RESOURCES / SOLUTION SPOTLIGHT

Traditional Response Models

There is a subtle but important difference between

Targeting people who would buy if they are part of a campaign
&
Targeting people who would only buy if they are part of a campaign

Conventional Response models focus on the former and identify customers who are likely to purchase a product if targeted in a campaign. However the model does not identify customers who would have purchased even if they were not included in the campaign. As a result, conventional response models spend precious dollars contacting customers who would have purchased eitherways (Sure Things).

Uplift Modeling

In the latter approach, we would focus on customers who would purchase only if they are targeted through a campaign. This radical type of modeling is referred to as Uplift modeling.

Measuring Uplift

For any campaign, we would see that the population could be broadly divided into four segments

Persuadable: Segment on whom campaign will be most effective, meaning that their probability of purchase will increase if they are included in the campaign

Immovables: There will others for whom the campaign has little or no impact which can be further subdivided into

Sure Things: Customers would purchase whether they are part of campaign or not

Lost Causes: These customers would not purchase even if they are targeted.

Sleeping Dogs: There could also be a segment for whom the campaign will have a negative effect, i.e. they will be less likely to purchase the product in question as a result of the intervention

Evidently, marketing efforts should focus on the Persuadables and avoid wasting effort on the other segments. If we look at incremental sales generated by targeting the segments in the order of Persuadables, Immovables, Sleeping Dogs, we can see that initially incremental sales would improve, then stagnate and then actually fall (as depicted below).

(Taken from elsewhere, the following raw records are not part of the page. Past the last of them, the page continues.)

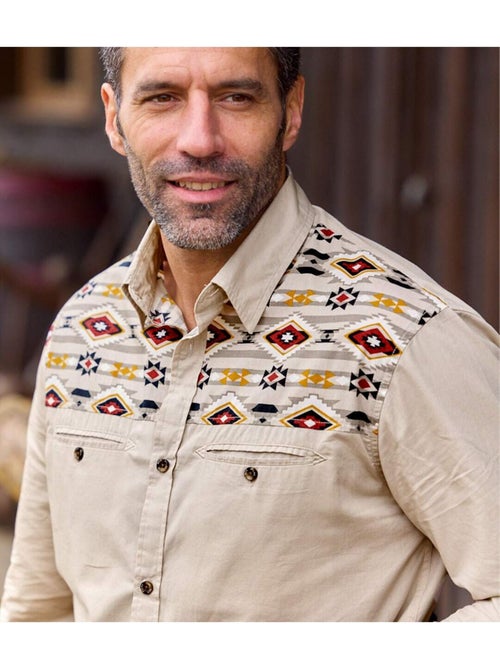 Chemise Navajo Land   - ATLAS FOR MEN - Kiabi
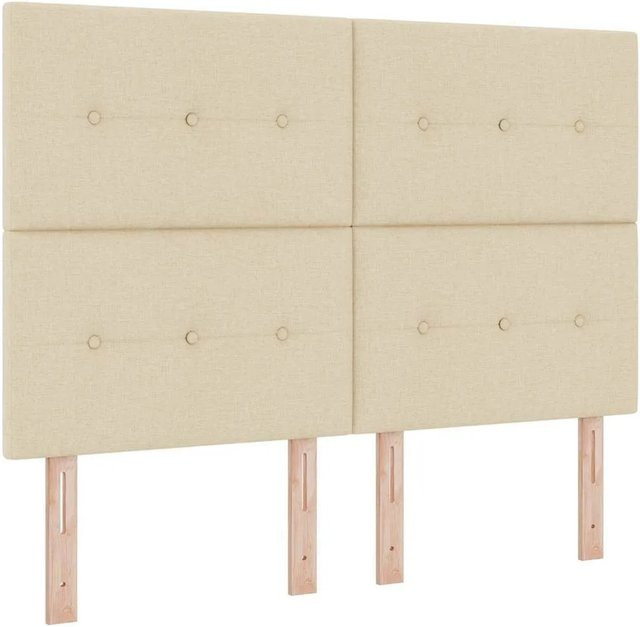 vidaXL LED Boxspringbett mit Matratze in Beige, B/T: 140 x 190 cm - Bild 1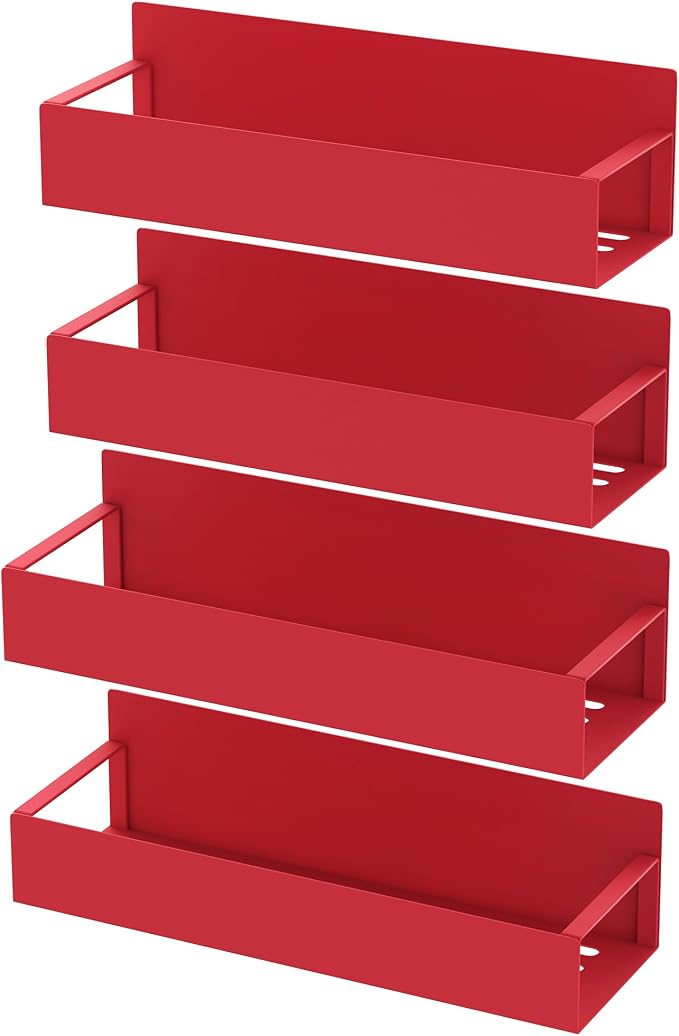 4 Pack Magnetic Spice Storage Rack Organizer for Refrigerator and Oven, Red Fridge Organizers and Storage | Magnetic Shelves Heavy Duty for Fridge in Kitchen, Seasoning Storage Organizer, For Oven Washer and Dryer, For Heavier Items - Image 5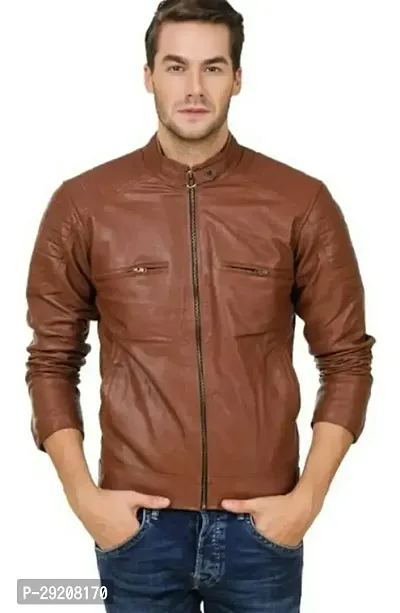 Garmadian Brown Pu Leather Jacket for Men, Boys Pack Of 1-thumb0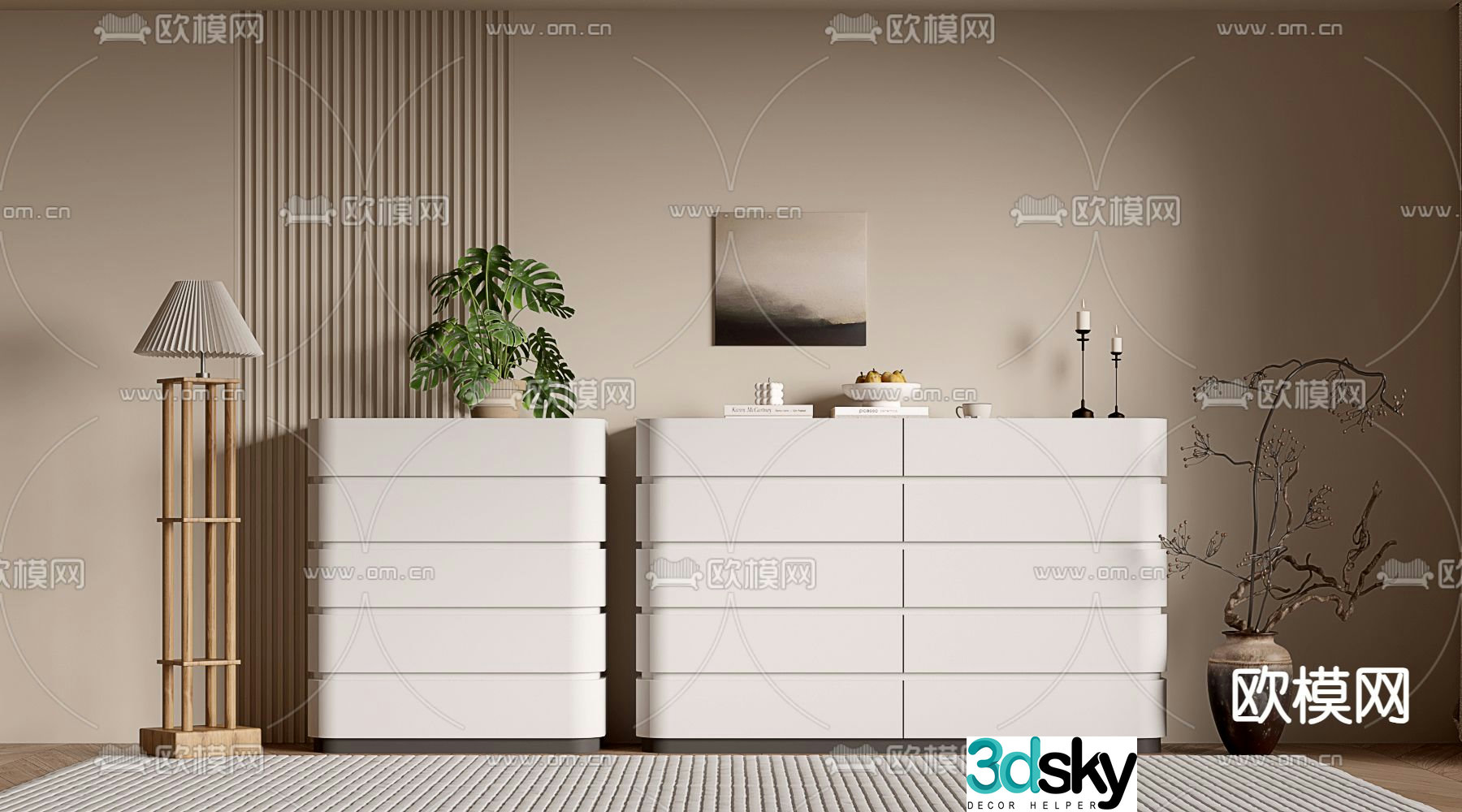 Modern chest of drawers side cabinet 3d model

Test-Control Methodology to Predict Uplift

For uplift modeling, ideally we should have similar looking customer segments, who have been targeted as well as not, and the responses could be used to identify the effect of campaign on these segments. To develop uplift models, two representative samples are drawn from the population to form the Test (targeted by the campaign) and Control group (not targeted by the campaign).

From the positive respondents for the campaign on the Test group, we will develop a predictive model to predict the propensity of purchase, which will be denoted by

pT = probability ( purchase | Campaign)

Another predictive model would be developed on the control group population to determine the propensity of customers to purchase and this is denoted as

pU = probability ( purchase | no Campaign)

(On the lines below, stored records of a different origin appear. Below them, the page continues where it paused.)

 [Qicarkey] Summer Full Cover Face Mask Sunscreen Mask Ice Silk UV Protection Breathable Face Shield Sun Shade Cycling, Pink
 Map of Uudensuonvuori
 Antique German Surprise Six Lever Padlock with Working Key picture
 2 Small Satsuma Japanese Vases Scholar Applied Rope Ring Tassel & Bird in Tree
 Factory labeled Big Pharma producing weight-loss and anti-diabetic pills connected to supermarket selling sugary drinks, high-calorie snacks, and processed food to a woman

Based on the ouput for these models, we can determine the uplift in propensity for any customer if he is included in a campaign. Based on the magnitude of incremental lift in purchase propensity, customers could be targeted for the campaign.

Benefits of Uplift Models

LatentView has seen signficant returns by adopting the Uplift modeling techniques to develop response models vis-à-vis conventional response models.

For one of our engagements, LatentView developed and compared the performance of the traditional response models with uplift models and we have seen that the campaign profitability dramatically improves by atleast 50% (in the top 2 population deciles) as shown in the figure below.

Therefore, by using Uplift modeling, we can gain significantly by targeting a smaller population,thereby improving campaign performance!